KR101793526B1 - Apparatus for Measuring Surface Roughness Using Image - Google Patents

Abstract

An apparatus to measure surface roughness using an image generates a trend line using a root mean square value in accordance with a surface roughness with a non-contact measuring device to measure surface roughness of an object to be measured with machine vision; and measures surface roughness of the object to be measured with the trend line. As such, in accordance with the present invention, a structure of the non-contact measuring device is improved to realize a measuring equipment at low costs, and effectively reduce a measurement processing time.

Description

[0001] Apparatus for Measuring Surface Roughness Using Image [0002]

The present invention relates to a surface roughness measuring apparatus, and more particularly, to a non-contact type measuring apparatus for measuring the surface roughness of a measurement object by using a machine vision, a trend line is generated by using a square root mean square value according to surface roughness, To an apparatus for measuring surface roughness using an image for measuring surface roughness of an object.

The surface roughness represents the degree of fine irregularities that occur on the surface of an object.

The roughness of the surface of the machine element can not be represented by a single number because the roughness of various types is composed of various types of roughness. The roughness of the surface of the machine element can not be represented by a single numerical value. The statistical value of roughness such as the average of the amplitude magnitude Value, which is referred to as a roughness parameter.

As shown in FIG. 1, the values of Ra (centerline average roughness) and Ra (centerline average roughness) correspond to the height of a rectangle having an area equal to the sum of areas of all the mountains and bones of the roughness curve, Of the deviation.

Surface roughness measurement methods include comparison method, touch method, optical interference measurement, and atomic force microscope measurement method.

Generally, the equipment for surface roughness measurement can be divided into contact type and non-contact type.

The touch-sensitive equipment measures the surface roughness by grasping the movement of the tip, moving the tip up and down to match the surface irregularities as the stylus touches the sample directly by touching the tip of the stylus directly to the surface of the sample.

Since the contact type equipment moves close to the sample surface, there is a disadvantage that it is excellent in reliability, can damage the surface of the object to be measured, takes a long time to measure, and is incompatible with the inline process.

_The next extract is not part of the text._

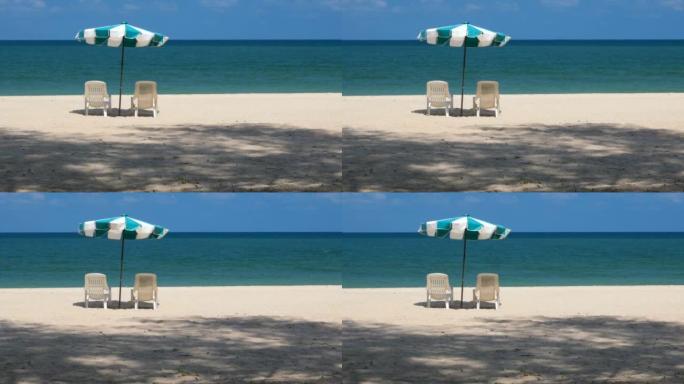 夏季岛上的海滩旅游区沙滩两把椅子春天炎热
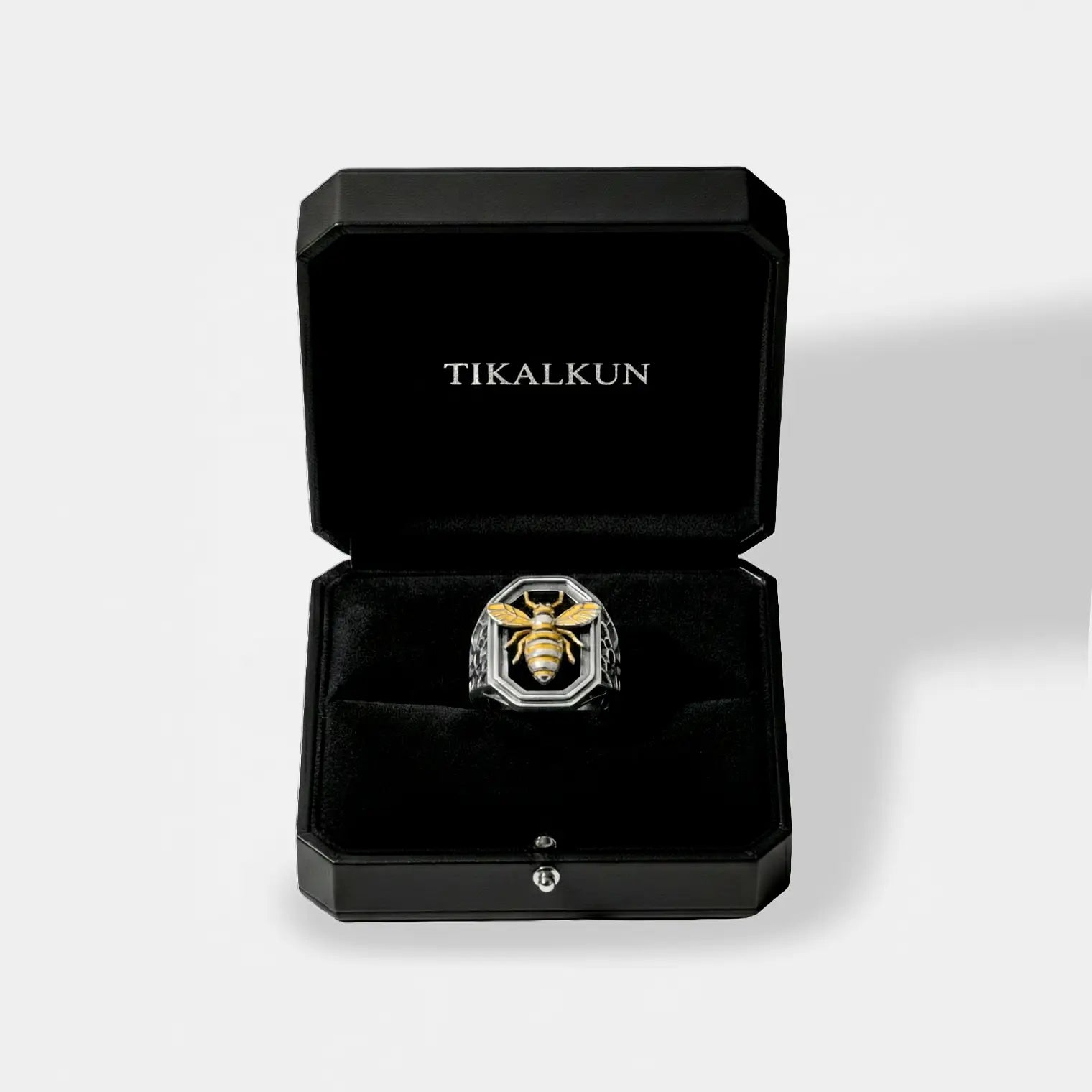 Silver ring with bee design in a black Tikalkun box on a light gray background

Non-contact equipment reads light reflections from measurement equipment and can measure them without touching the sample, such as a confocal microscope and an interferometer system.

Non-contact equipment has the advantage of being able to measure even soft material or viscous sample because it does not hurt the sample, but it has a disadvantage of high cost and long processing time.

In order to solve such problems, the present invention provides a non-contact type measuring device for measuring the surface roughness of a measurement object using a machine vision to generate a trend line using a square root mean square value according to surface roughness, And an object of the present invention is to provide a surface roughness measuring apparatus using an image for measuring a surface roughness of a substrate.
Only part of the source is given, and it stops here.